- **SUPPLIED RECORDS**:
________________________

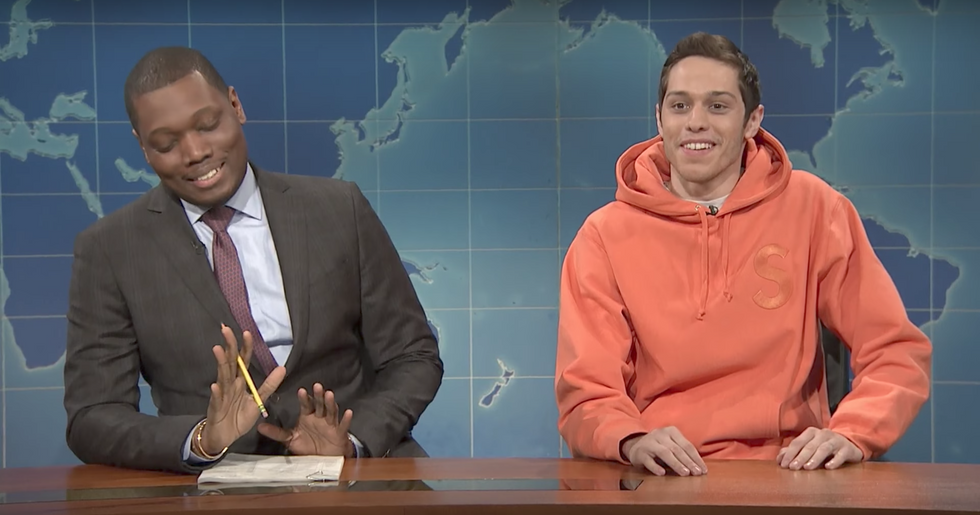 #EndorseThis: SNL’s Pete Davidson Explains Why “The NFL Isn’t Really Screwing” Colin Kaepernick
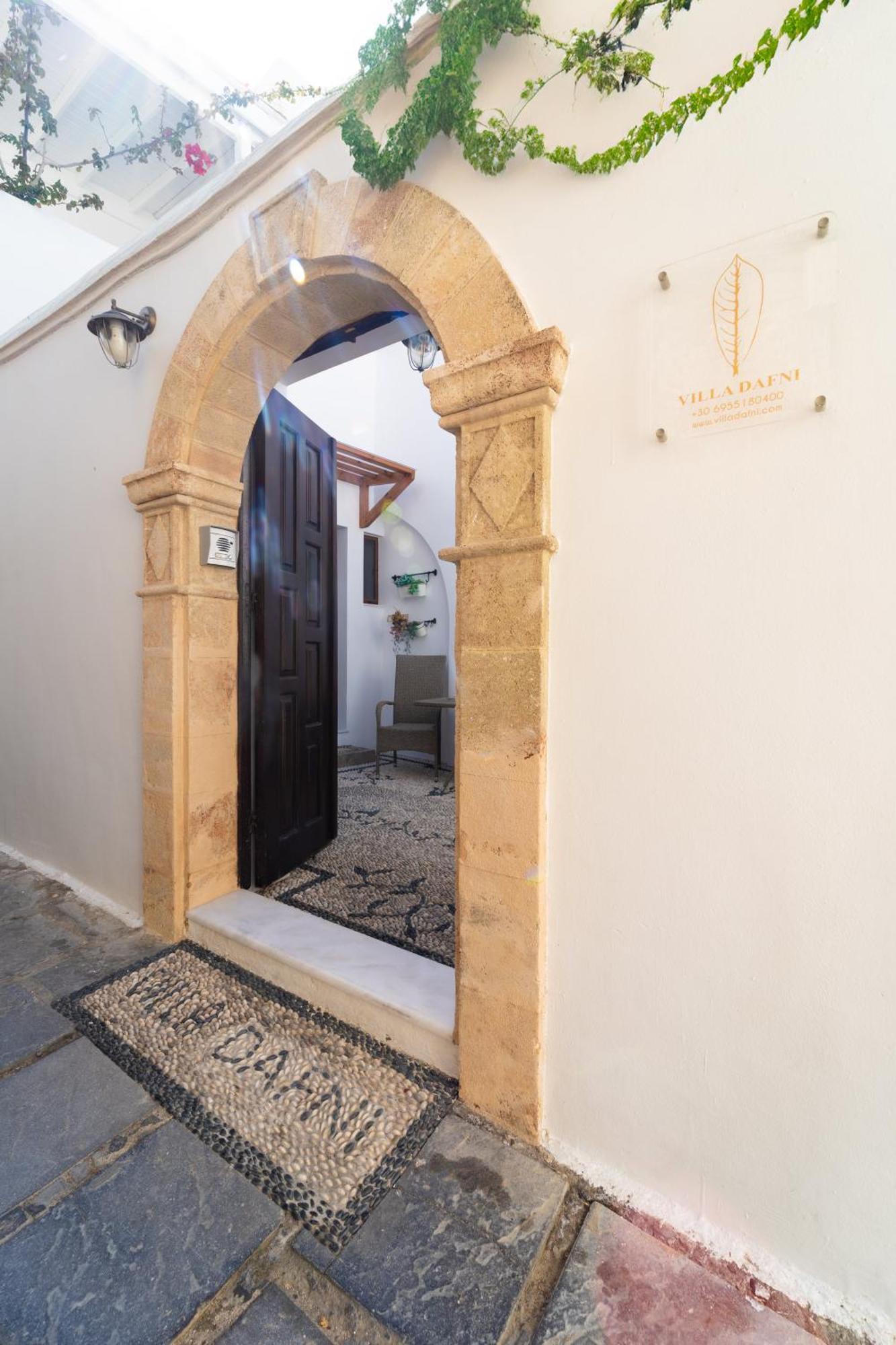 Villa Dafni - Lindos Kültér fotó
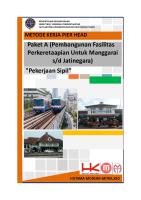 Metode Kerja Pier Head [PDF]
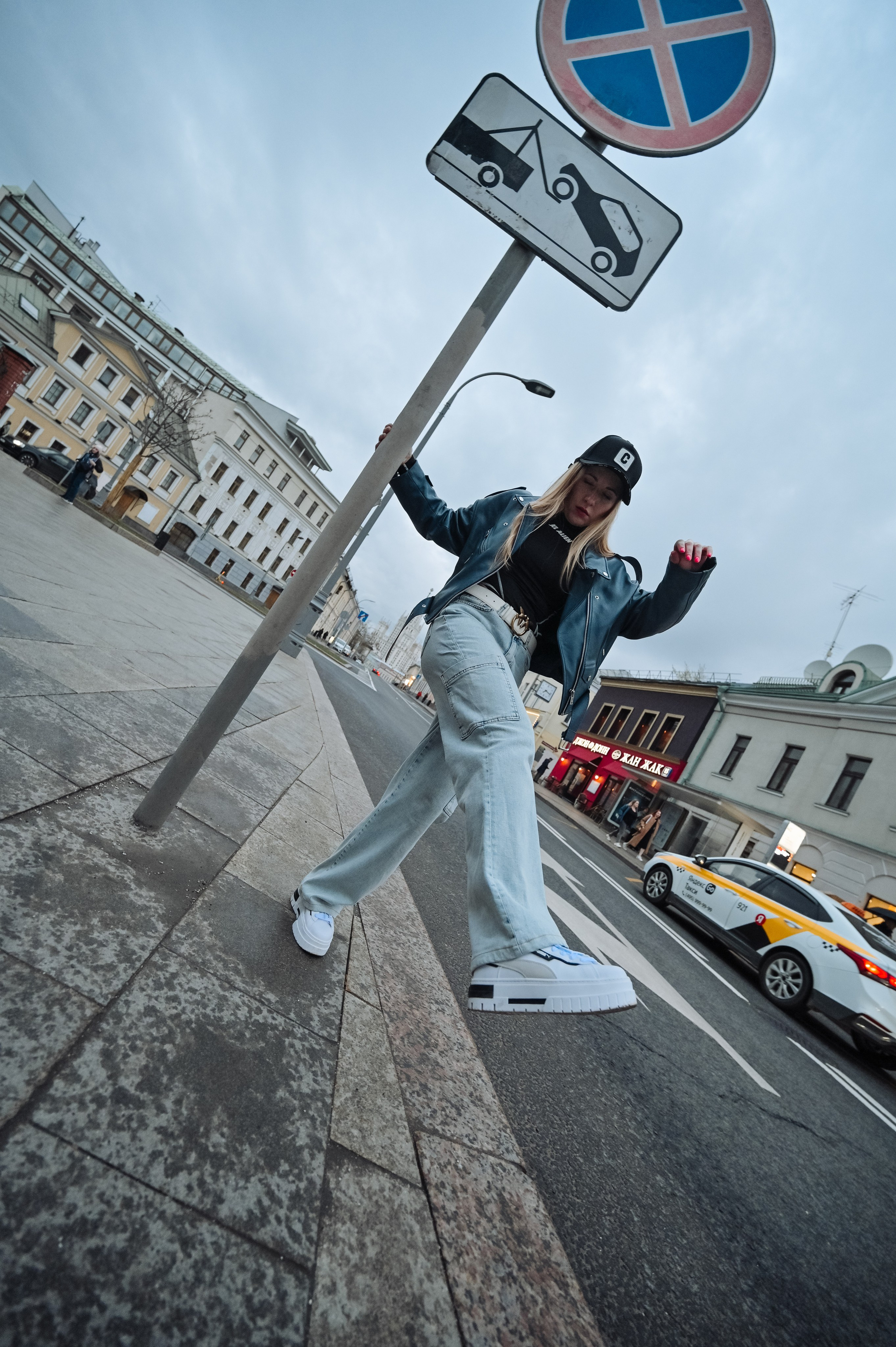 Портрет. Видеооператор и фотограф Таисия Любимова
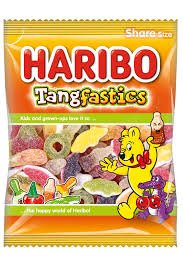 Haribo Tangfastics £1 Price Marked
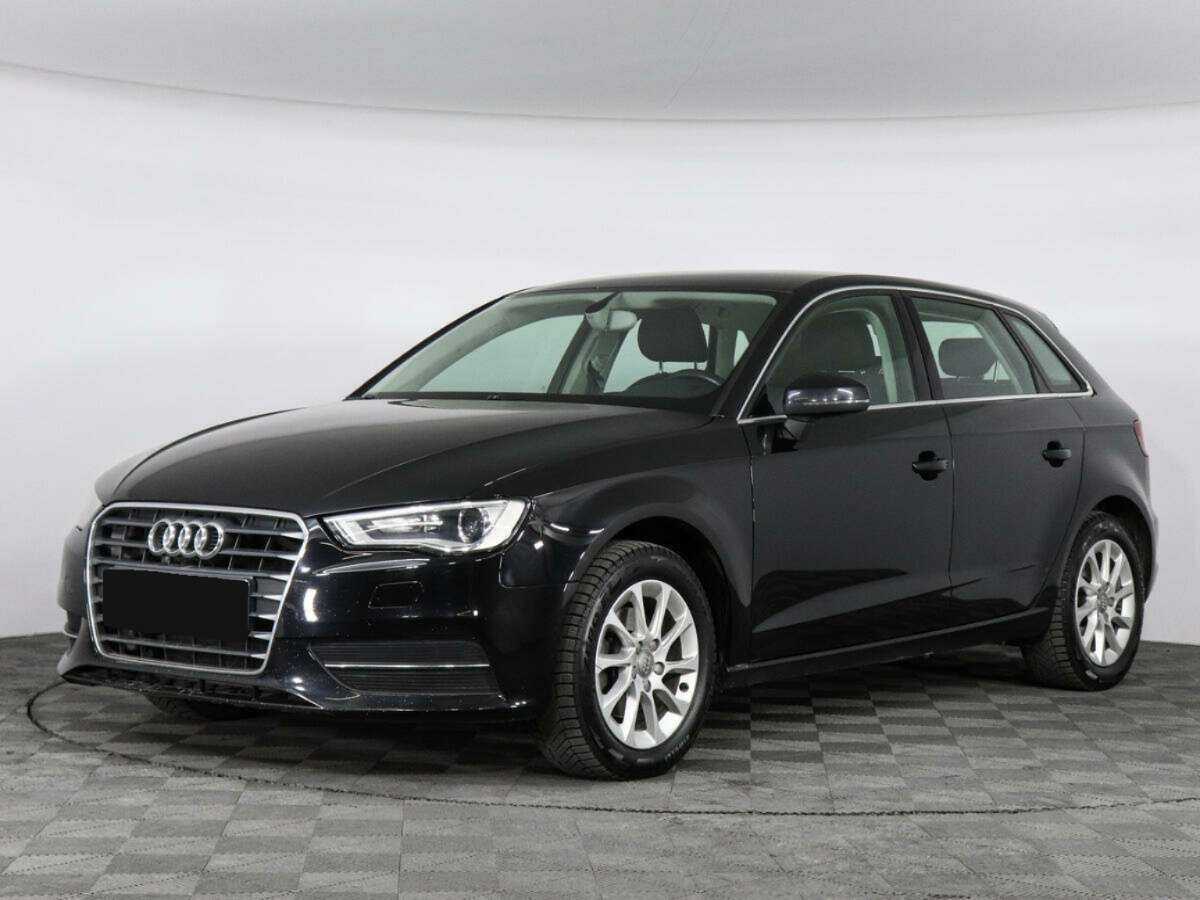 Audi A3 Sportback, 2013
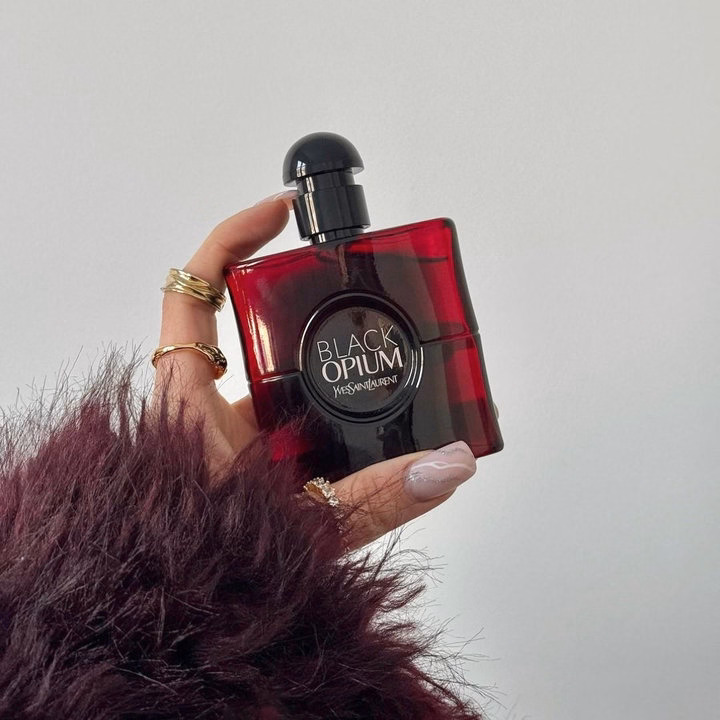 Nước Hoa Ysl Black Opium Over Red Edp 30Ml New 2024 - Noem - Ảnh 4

________________________

- **AIM OF THE EXERCISE**: Write out exactly, please, the lines that start at the one containing "Портрет. Видеооператор и" and run through the final line of the entries, both included, leaving pictures out.

- **THE COMPLETED TASK**:
 Портрет. Видеооператор и фотограф Таисия Любимова
 Haribo Tangfastics £1 Price Marked
 Audi A3 Sportback, 2013
 Nước Hoa Ysl Black Opium Over Red Edp 30Ml New 2024 - Noem - Ảnh 4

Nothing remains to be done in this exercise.